-- Exercise requirements --
Without including the pictures, copy out every line below.

-- Recorded data --
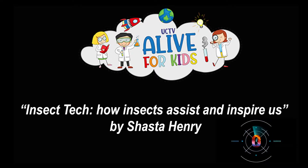Hi everyone, thank you so much for tuning in to today's episode of UCTV Alive for Kids. Today we're going to be joined by Shasta Henry, who is doing her PhD at UTAS, which is like a really long report that you write over many, many years. Some of you may know Shasta — she came on the show last year. She calls herself Bug Girl, which basically means she is an entomologist. Can I throw it over to you Shasta?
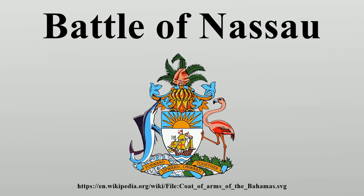Two ships of the United States Navy have been christened USS Nassau. USS Nassau, an amphibious assault ship, is named specifically in recognition of this battle, while the other USS Nassau was named for Nassau Sound, the body of water between Florida and the Bahamas.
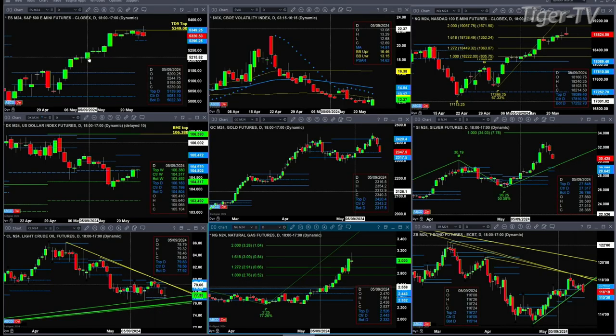We begin with the ES Mini. The ES Mini still has its TD9 count top. 5349 is the number that price would need to close above to negate that pattern. We do have a confirmed daily profile support at 5296.25. Price were to close below that, we would have a change in trend, and that would suggest we head lower.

-- Answer to this task --
Hi everyone, thank you so much for tuning in to today's episode of UCTV Alive for Kids. Today we're going to be joined by Shasta Henry, who is doing her PhD at UTAS, which is like a really long report that you write over many, many years. Some of you may know Shasta — she came on the show last year. She calls herself Bug Girl, which basically means she is an entomologist. Can I throw it over to you Shasta?
Two ships of the United States Navy have been christened USS Nassau. USS Nassau, an amphibious assault ship, is named specifically in recognition of this battle, while the other USS Nassau was named for Nassau Sound, the body of water between Florida and the Bahamas.
We begin with the ES Mini. The ES Mini still has its TD9 count top. 5349 is the number that price would need to close above to negate that pattern. We do have a confirmed daily profile support at 5296.25. Price were to close below that, we would have a change in trend, and that would suggest we head lower.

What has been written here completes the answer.